Toward Disentangled and Controllable Deep Metric Learning With Human-Like Concept Decomposition.

Journal: IEEE transactions on neural networks and learning systems
Published Date:

Abstract

Deep metric learning (DML) has shown significant advancements in learning discriminative embeddings for images, playing a crucial role in various vision tasks. However, existing methods typically rely on deep neural networks to extract holistic embeddings, which are challenging to disentangle and interpret. To address this issue, we take inspiration from human cognition, where objects are decomposed into distinct concepts for better understanding.

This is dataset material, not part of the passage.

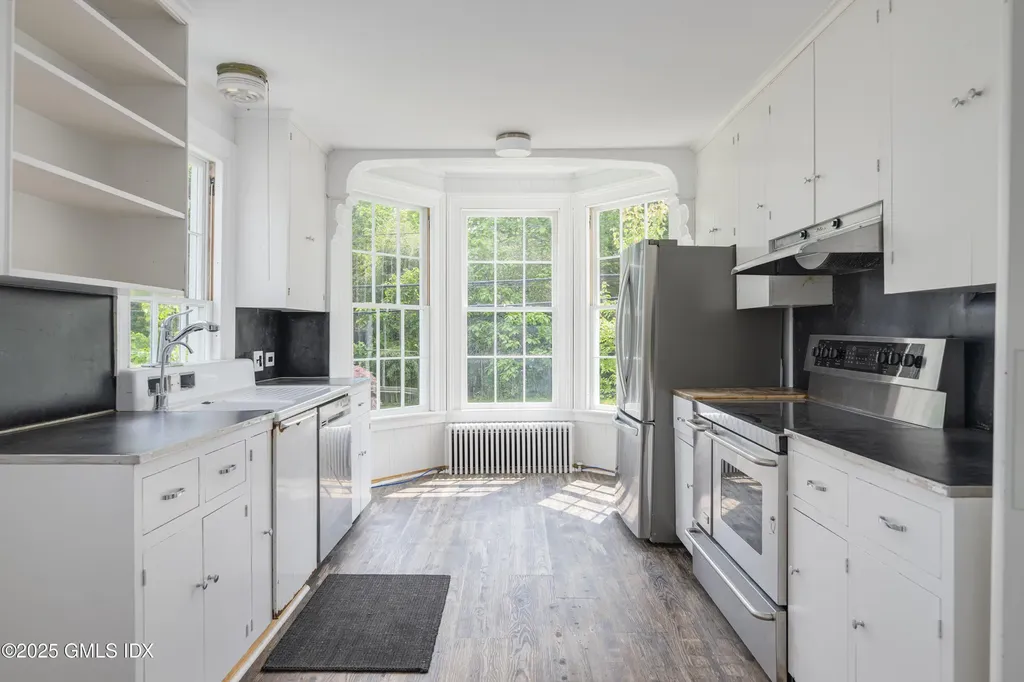 295 Taconic Road Greenwich CT 06831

Specifically, we propose the concept metrics network (CMNs) to achieve disentangled and controllable DML. CMN begins by initializing learnable concept vectors to represent various visual concepts. These vectors are then associated with regional visual features via cross-attention mechanism, ensuring each vector corresponds to specific visual properties. Finally, the concept values, determined by their presence in the image, form the output embedding. Comprehensive experiments demonstrate that CMN effectively disentangles visual concepts, with each embedding dimension corresponding to a specific concept. Our method not only outperforms existing state-of-the-art methods in conventional DML application (i.e., image retrieval), but also enables more flexible and controllable application. The code is available at https://github.com/shchen0001/CMN.

Authors

  • Shuhuang Chen
  • Shiming Chen
  • Shuo Ye
  • Yuetian Wang
  • Xinge You
    School of Electronic Information and Communications, Huazhong University of Science and Technology, Wuhan, China; Shenzhen Huazhong University of Science and Technology Research Institute, China.

Keywords

No keywords available for this article.